▸ **MATERIAL PROVIDED**
--------------------

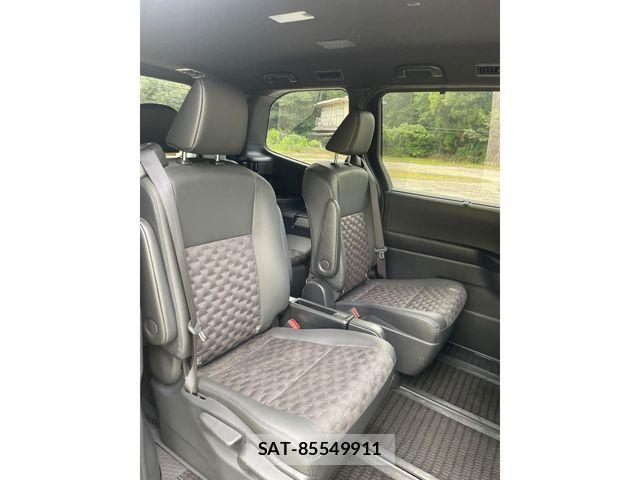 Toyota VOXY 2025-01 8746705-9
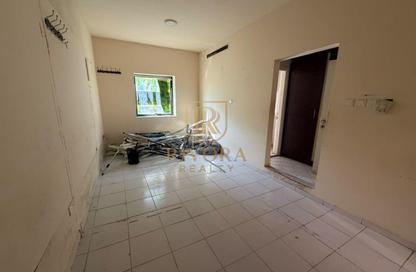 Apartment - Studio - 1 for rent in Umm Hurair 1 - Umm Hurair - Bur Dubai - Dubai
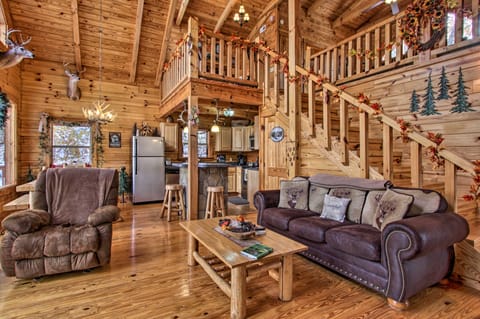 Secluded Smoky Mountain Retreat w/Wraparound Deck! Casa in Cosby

--------------------

▸ **WHAT THIS TASK INVOLVES**
Your task is to repeat exactly the lines from the one containing "Apartment - Studio" through the end of the material, both included, and only those, without pictures.

▸ **EXERCISE RESPONSE**
 Apartment - Studio - 1 for rent in Umm Hurair 1 - Umm Hurair - Bur Dubai - Dubai
 Secluded Smoky Mountain Retreat w/Wraparound Deck! Casa in Cosby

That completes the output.